The boundary between indigenous communities and settler society will be explored during a symposium this Thursday and Friday presented by the Oregon Humanities Center’s Indigenous Philosophies Research Interest Group.
The symposium, “Colonial and Decolonial Connections,” takes place April 30 and May 1 at several campus locations. All events are free and open to the public.
The boundary between indigenous people and settlers is a contested site of social and political conflict, cultural revitalization, identity formation and resistance. The symposium will explore gendered and national identity in Hawaii, contestations of settler “domesticity” in Native American writing, and climate justice at the intersection of indigenous communities and settler society.

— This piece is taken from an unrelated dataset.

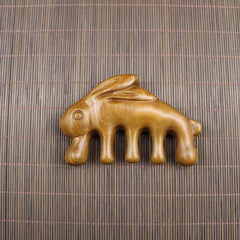 Golden Sandalwood Scalpii Massager with Five Teeth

Three visiting scholars will give presentations as part of the symposium. Ty P. Kawika Tengan, professor of anthropology at the University of Hawaii at Manoa, will participate in a “staged conversation” on “Native Men Remade: Gender and Nation in Contemporary Hawaii” at 3 p.m. Thursday in the Knight Library Browsing Room.
On Thursday at 7 p.m. Beth Piatote, associate professor of ethnic studies and Native American studies at the University of California, Berkeley, will give a reading at the Many Nations Longhouse. Then on Friday at 1 p.m. in Room 145 Straub Hall, Piatote will participate in a staged conversation titled “Contested Domesticities: Love, Literature, and the Legal Imaginary.”
Also on Friday from 4 p.m. to 5:30 p.m., Kyle Powys Whyte, professor of philosophy at Michigan State University and a faculty member of the environmental philosophy and ethics graduate concentration, will participate in a final staged conversation, “Structures of Settler Colonialism, Climate Justice, and Indigenous Planning.”